▶ _Input material_
=== Section Start ===

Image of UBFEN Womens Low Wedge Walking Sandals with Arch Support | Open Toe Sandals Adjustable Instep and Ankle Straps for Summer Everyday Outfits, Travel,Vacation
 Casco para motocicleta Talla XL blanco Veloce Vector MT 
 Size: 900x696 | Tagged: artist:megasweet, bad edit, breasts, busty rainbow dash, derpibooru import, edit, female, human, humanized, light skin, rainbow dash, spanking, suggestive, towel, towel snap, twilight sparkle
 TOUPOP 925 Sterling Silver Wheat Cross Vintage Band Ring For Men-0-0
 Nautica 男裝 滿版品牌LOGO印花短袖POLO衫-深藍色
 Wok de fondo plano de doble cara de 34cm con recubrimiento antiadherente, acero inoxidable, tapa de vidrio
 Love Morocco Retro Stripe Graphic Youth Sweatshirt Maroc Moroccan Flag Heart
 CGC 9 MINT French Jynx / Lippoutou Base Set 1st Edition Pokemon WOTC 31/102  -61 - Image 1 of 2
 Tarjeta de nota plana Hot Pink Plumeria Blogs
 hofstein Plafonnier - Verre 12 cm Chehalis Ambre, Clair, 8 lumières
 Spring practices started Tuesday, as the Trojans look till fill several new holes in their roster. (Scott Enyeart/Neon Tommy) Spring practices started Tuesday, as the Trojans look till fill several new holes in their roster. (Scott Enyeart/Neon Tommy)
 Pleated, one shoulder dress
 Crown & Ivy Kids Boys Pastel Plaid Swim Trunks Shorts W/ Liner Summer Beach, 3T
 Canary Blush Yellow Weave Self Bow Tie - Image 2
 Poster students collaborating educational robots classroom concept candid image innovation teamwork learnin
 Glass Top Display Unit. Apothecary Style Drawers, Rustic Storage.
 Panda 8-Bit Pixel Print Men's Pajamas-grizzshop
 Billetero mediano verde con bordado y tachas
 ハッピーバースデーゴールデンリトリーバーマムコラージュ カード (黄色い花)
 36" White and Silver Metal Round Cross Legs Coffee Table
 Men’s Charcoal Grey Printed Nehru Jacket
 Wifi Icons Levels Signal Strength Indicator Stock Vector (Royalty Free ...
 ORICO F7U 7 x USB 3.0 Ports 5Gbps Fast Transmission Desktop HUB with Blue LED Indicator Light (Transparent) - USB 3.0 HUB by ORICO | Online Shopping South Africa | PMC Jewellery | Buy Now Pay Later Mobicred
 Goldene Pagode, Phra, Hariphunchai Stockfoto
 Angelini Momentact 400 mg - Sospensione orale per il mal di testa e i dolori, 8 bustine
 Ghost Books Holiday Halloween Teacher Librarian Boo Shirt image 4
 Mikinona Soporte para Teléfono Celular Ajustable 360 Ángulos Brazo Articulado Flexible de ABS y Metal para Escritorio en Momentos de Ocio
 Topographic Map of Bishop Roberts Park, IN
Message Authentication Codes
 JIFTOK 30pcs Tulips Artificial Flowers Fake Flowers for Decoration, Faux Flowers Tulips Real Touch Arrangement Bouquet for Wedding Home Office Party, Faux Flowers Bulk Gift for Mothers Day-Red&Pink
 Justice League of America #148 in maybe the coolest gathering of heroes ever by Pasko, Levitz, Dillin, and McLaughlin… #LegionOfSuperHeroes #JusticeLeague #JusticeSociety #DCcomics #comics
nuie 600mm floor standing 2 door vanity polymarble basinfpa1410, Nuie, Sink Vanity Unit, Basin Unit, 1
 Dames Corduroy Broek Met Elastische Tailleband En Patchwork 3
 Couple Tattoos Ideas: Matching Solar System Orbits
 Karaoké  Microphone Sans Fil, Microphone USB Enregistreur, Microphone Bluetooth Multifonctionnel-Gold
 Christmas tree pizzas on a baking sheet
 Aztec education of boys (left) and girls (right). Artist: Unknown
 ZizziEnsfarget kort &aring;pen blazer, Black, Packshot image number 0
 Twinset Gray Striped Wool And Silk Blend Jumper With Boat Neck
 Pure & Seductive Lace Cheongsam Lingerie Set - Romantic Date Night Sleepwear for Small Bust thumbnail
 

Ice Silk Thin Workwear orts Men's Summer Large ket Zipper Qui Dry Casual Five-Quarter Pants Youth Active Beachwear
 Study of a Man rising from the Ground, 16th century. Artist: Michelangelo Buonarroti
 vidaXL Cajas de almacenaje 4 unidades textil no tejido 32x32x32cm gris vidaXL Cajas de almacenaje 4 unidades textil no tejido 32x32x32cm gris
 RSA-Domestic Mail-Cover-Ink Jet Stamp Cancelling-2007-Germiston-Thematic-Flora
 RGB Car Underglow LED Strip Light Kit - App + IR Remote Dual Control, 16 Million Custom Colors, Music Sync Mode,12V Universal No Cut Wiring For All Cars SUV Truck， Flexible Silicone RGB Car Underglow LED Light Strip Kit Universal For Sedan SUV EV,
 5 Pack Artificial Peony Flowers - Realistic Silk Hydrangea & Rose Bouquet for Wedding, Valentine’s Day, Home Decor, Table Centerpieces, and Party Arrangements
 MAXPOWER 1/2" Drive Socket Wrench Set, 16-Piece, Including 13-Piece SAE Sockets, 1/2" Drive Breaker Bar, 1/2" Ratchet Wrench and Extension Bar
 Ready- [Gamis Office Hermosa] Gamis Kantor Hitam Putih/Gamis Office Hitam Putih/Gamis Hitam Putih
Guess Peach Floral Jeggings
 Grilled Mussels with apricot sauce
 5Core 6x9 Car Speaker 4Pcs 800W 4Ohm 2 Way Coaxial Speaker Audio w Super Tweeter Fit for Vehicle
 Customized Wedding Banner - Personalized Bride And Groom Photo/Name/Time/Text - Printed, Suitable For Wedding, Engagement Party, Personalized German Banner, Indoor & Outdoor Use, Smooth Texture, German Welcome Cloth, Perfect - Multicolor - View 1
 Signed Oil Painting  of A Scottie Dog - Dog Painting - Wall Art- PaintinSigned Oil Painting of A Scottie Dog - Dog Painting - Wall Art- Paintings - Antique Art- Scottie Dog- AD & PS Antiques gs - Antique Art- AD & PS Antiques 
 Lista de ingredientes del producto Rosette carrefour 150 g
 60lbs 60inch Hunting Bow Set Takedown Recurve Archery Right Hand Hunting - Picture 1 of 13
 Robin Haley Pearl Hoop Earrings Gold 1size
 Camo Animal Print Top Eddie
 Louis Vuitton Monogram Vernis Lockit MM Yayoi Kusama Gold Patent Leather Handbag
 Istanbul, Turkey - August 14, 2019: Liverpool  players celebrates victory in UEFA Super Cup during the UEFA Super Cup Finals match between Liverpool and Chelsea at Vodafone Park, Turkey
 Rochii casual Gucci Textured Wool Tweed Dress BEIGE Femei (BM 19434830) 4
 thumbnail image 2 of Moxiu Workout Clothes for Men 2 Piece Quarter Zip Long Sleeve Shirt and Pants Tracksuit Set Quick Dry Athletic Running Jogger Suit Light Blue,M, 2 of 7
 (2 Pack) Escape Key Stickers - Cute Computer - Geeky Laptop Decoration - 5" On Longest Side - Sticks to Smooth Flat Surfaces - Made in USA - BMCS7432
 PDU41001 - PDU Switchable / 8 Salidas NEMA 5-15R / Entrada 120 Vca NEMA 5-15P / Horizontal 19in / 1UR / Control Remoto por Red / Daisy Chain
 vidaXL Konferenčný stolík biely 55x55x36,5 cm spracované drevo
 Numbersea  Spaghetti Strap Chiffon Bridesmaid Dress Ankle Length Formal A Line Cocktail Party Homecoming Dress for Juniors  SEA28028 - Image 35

=== Section End ===

Look through the material above for the string "Cross" and copy each line that has it.

▶ _Output for this task_
 TOUPOP 925 Sterling Silver Wheat Cross Vintage Band Ring For Men-0-0
 36" White and Silver Metal Round Cross Legs Coffee Table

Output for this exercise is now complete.